PROBLEM DESCRIPTION: In the data below, repeat the line containing "Red banners advertise" and every following line exactly, up to and including the last line. Exclude pictures.

DATA:

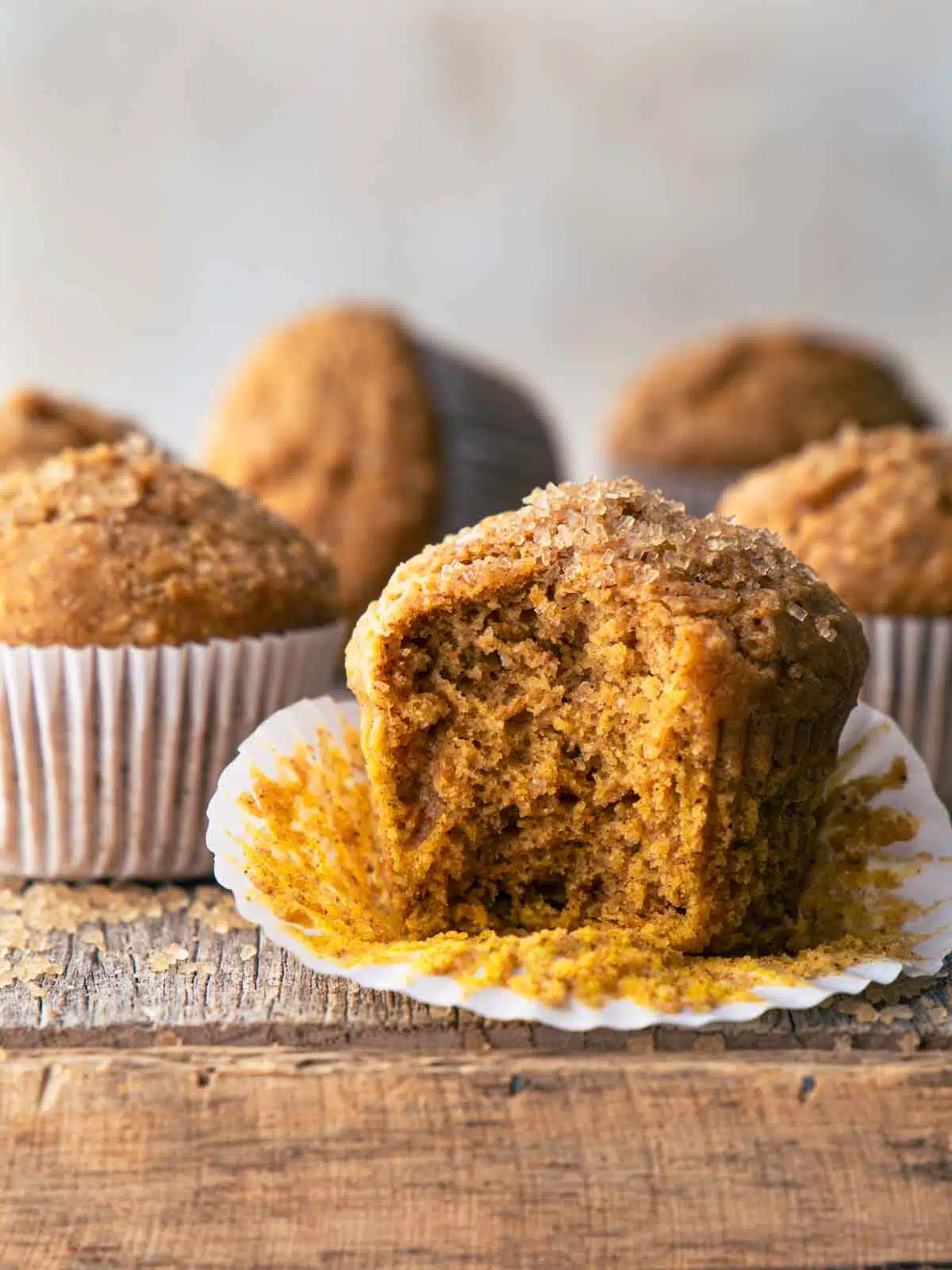 A wholemeal pumpkin muffin with a bite taken out.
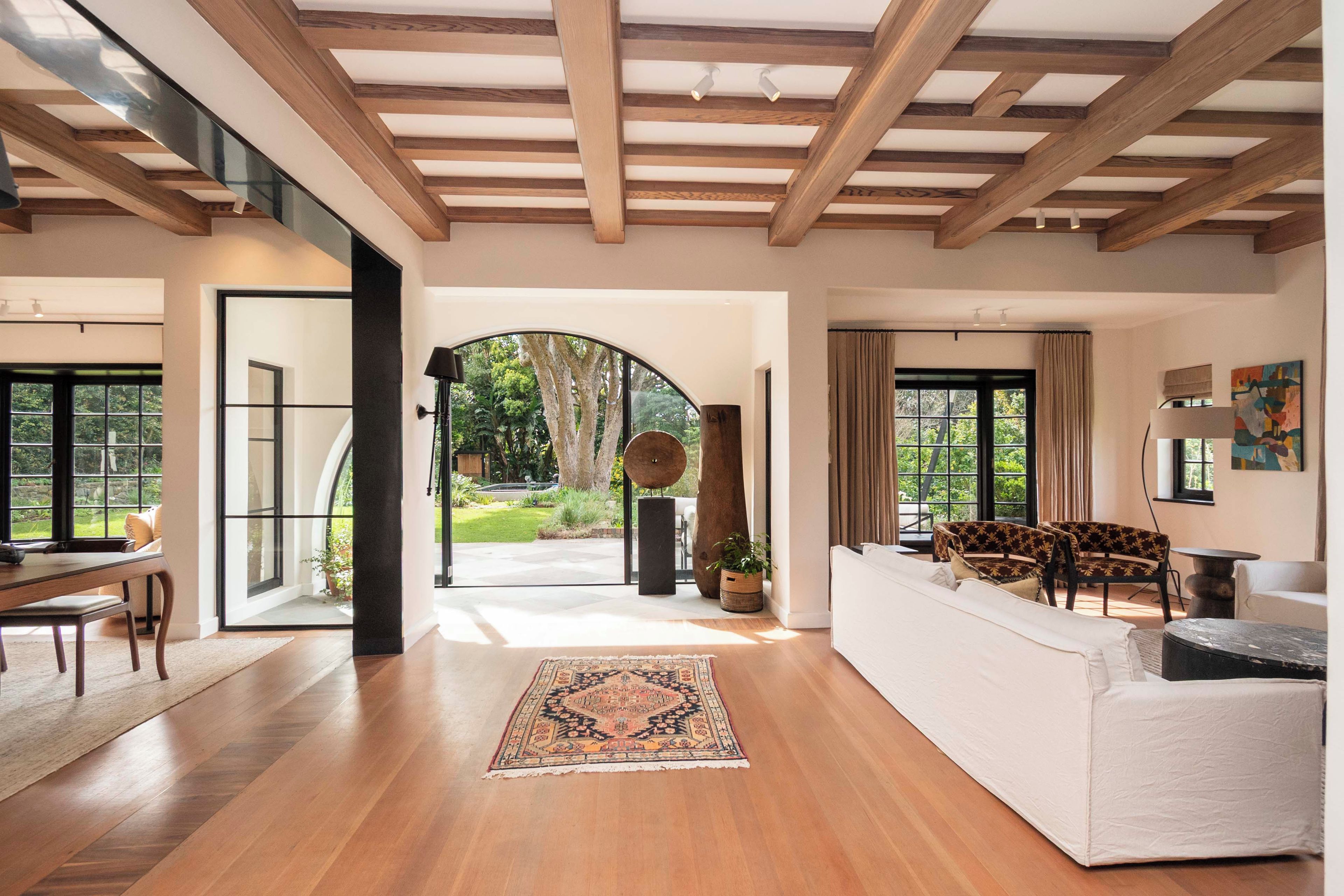 A spacious living area with a large window, a white sofa, and a wooden floor.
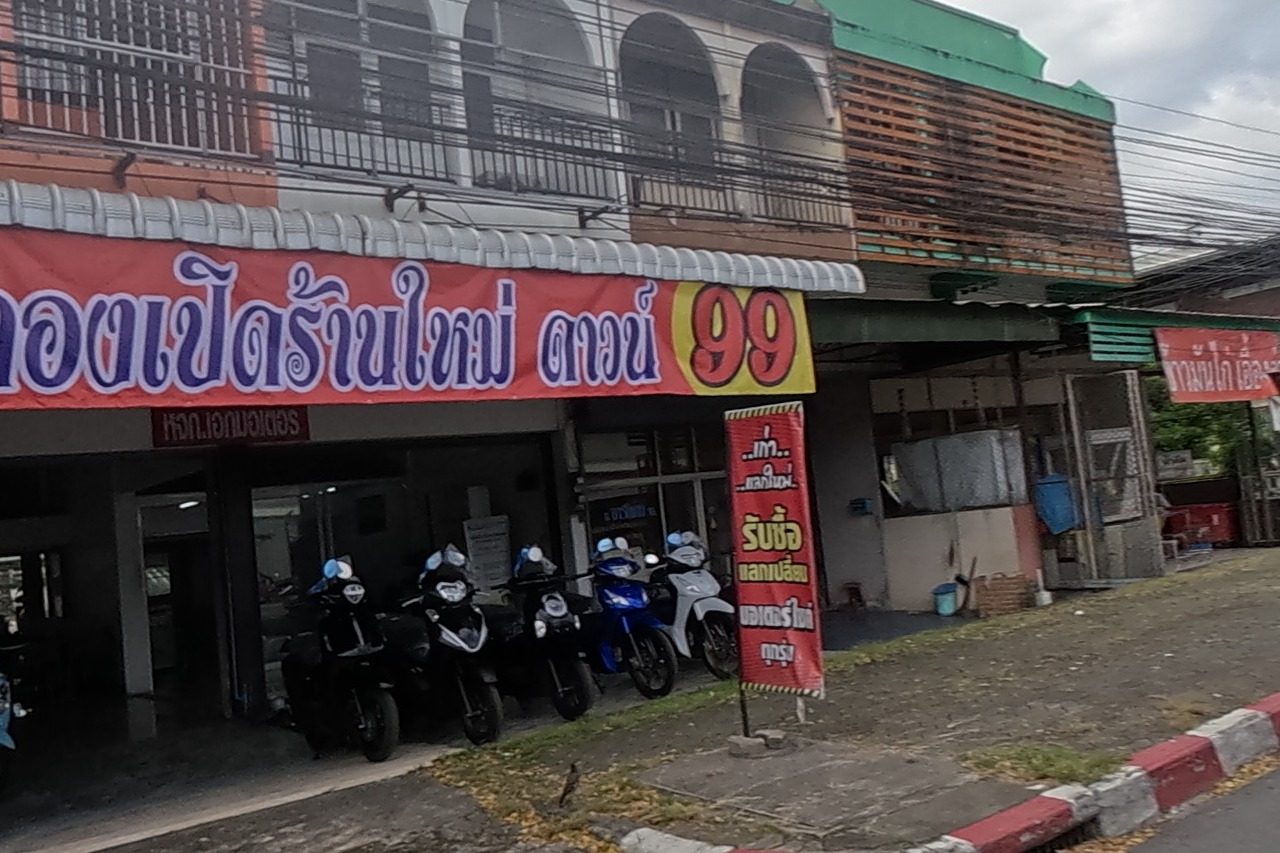 Red banners advertise a new motorbike shop with a 99-baht down payment promotion and buy/trade-in service, motorbikes lined up under the arcade; the road continues past more shophouses.
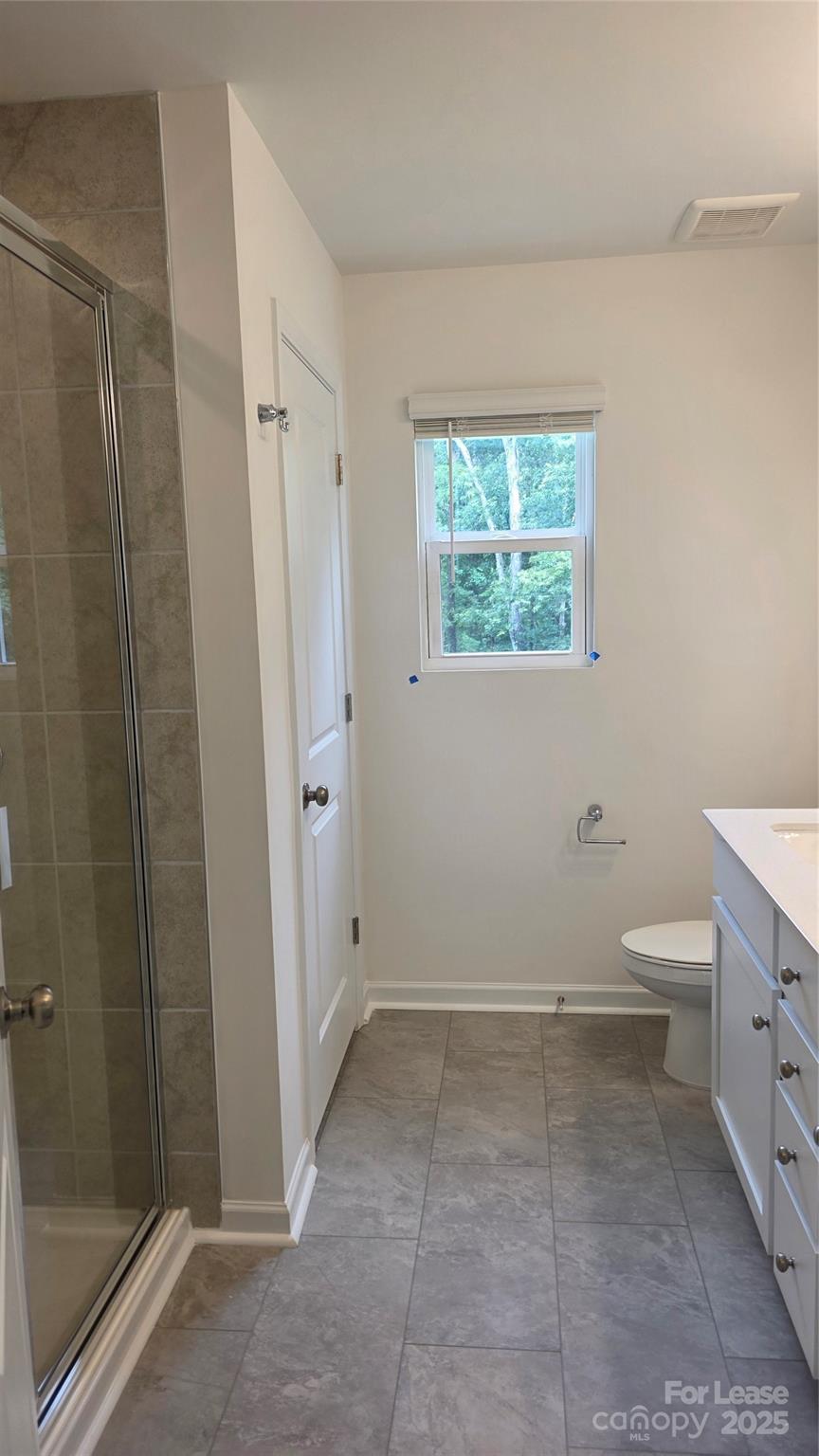 3516 Nimbell Road Monroe, NC 28110 - Photo 9 of 18 a bathroom with a granite countertop sink a toilet and shower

SOLUTION BELOW:
 Red banners advertise a new motorbike shop with a 99-baht down payment promotion and buy/trade-in service, motorbikes lined up under the arcade; the road continues past more shophouses.
 3516 Nimbell Road Monroe, NC 28110 - Photo 9 of 18 a bathroom with a granite countertop sink a toilet and shower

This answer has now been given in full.